La città e il suo ruolo culturale
L'ex assessore vede la città come un organismo che ha ritrovato la sua anima culturale, mantenendo un'apertura verso le diverse espressioni. Le istituzioni culturali mostrano un'ottima salute, con programmazioni di respiro internazionale e una forte partecipazione del pubblico. Del Corno ricorda con affetto la trasformazione dell'ex mercato comunale del QT8 nel Casva. La sfida più impegnativa del suo mandato è stata la battaglia per il progetto della Beic, la nuova biblioteca europea.
Il suo approccio umanistico è profondamente influenzato dall'eredità paterna.
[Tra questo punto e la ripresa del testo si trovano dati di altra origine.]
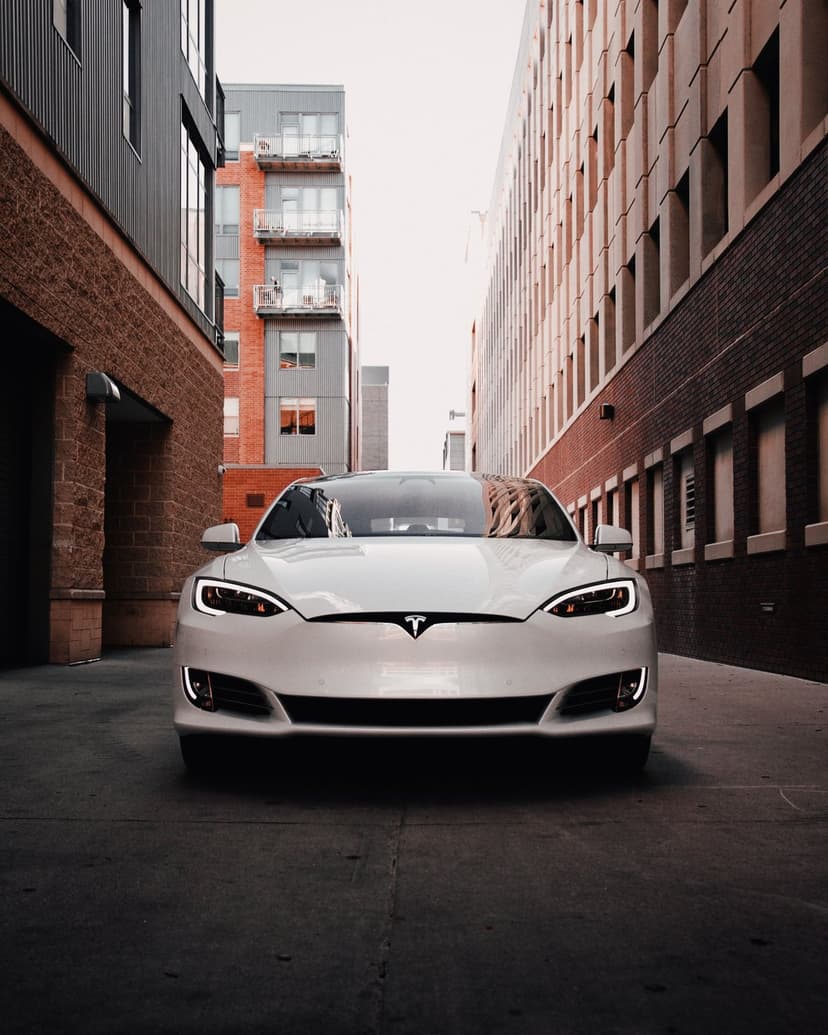 White Tesla electric sedan parked in a narrow alley between brick and glass buildings under soft city light.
Suo padre, il grecista Dario Del Corno, gli ha trasmesso l'importanza della ricerca dell'archetipo. La cultura greca, secondo Del Corno, contiene i modelli fondamentali della natura umana. Ancora oggi, egli indaga le etimologie delle parole, convinto che in esse si celino gli archetipi dei loro significati più profondi.
Il ruolo sociale della musica e le sfide future
Attualmente, Del Corno sta lavorando all'opera “Non guardate al domani”, una rielaborazione di un suo precedente lavoro sperimentale. L'opera narra il rapimento di Aldo Moro. Se potesse invitare qualcuno a cena, sceglierebbe sia Moro che il compositore Claudio Monteverdi. Con loro, discuterebbe sulla reale capacità del governo di riformare la società e influenzare la crescita culturale.
Riguardo all'intelligenza artificiale, Del Corno esprime cautela. Al momento, la considera una minaccia, uno strumento potenzialmente disgregante per la società, manovrato da un potere finanziario incontrollato. Tuttavia, nutre la speranza che le future generazioni possano imparare a utilizzarla come uno strumento di lavoro efficace.